Il terrorismo degli anni ’10 non è più la rivendicazione violenta di istanze politiche, religiose, razziali o sociali: è l’ultima spiaggia di quelli che su Facebook si mettono i like da soli alle foto.
Ed è colpa nostra, è colpa della narrativa occidentale secondo cui tutti meritano qualcosa, ognuno è speciale, siamo tutti belli dentro, e se non ce l’abbiamo ancora fatta sicuramente ce la faremo presto.
Poi quando non ce la facciamo finiamo a vivere di invidia, a odiare gli immigrati con lo Smartphone perché rendono il nostro telefono meno unico, e noi non l’abbiamo comprato perché è un bel telefono, l’abbiamo comprato perché volevamo sentirci più fighi degli altri: dov’è l’attenzione che ci avevano promesso?
I terroristi sono uguali a noi, sono quello che succede quando qualcuno dice agli stupidi che massacrando avranno quell’attenzione che gli è stata negata fino ad ora.

Nel 2016 farsi notare è qualcosa per cui vale la pena morire: non avrò prove, ma resto convinto che quello alla guida del camion a Nizza non sia poi troppo diverso dalla ragazzina che si suicidò in diretta video su Periscope.
Siamo in guerra contro gli stupidi che abbiamo convinto per anni che meritavano la vita di Snoop Dogg per il solo fatto di esistere, gente con l’ego distrutto a forza di immaginarsi ricca, famosa e circondata di belle donne per poi svegliarsi in periferia e doversi accontentare di un lavoro in un fast food, troppi pochi like e qualche porno amatoriale. Gente che anche facendo la fame per due settimane non può comunque permettersi di andare a Porto Cervo, tutti i pisquani di questo mondo sulle cui ambizioni frustrate facciamo marketing, tutti quelli che cerchiamo di convincere che per essere delle bombe sexy basta un deodorante, e per diventare ricchi un gratta&vinci. Si sono accorti di essere dei miserabili falliti, e che fondamentalmente li prendevamo in giro: Daesh offre a quei musulmani ammirazione in cambio di morte, e mette il bollino sul loro ultimo disperato tentativo di essere qualcuno. La più geniale, spaventosa e spietata operazione di marketing mai vista.

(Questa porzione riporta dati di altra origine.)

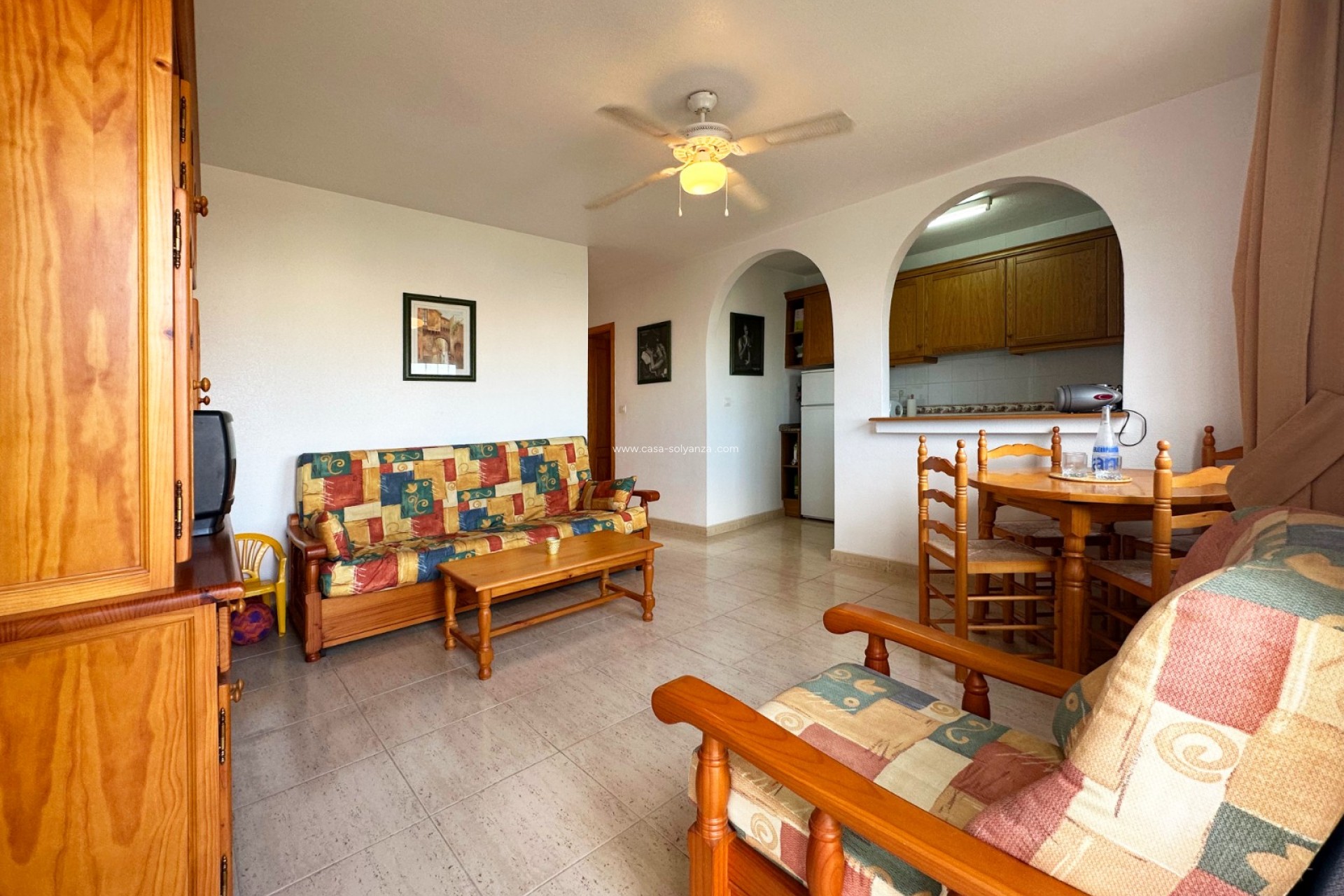 Reventa - Bungalow - San Miguel de Salinas - Inland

Ma rimangono dei poveri sfigati, non capiscono che Daesh si prende il loro merito e alla fine anche da morti non li odiamo quanto vorrebbero. Alla fine il Califfo Al-Baghdadi sappiamo tutti chi è, mentre i loro nomi li scordiamo subito. Salah Abdeslam lo ricordiamo, paradossalmente, perché non è morto, e in un certo senso è stato un vigliacco: lo ricordiamo perché era ricercato; qualcuno ricorda i nomi di quelli morti? Anche nell’aldilà rimangono dei poveri imbecilli, falliti e stupidi.
Siamo in guerra contro questo: poveri imbecilli, falliti e stupidi, a cui per futile buonismo non abbiamo mai voluto dire in faccia la verità, e ora loro ci odiano perché non sono come noi.
Ripartiamo da qui allora: siete dei poveri imbecilli, falliti e stupidi, e continuerete a non contare un tubo, anche se vi fate saltare in aria.
Convincetevene, che è meglio per tutti.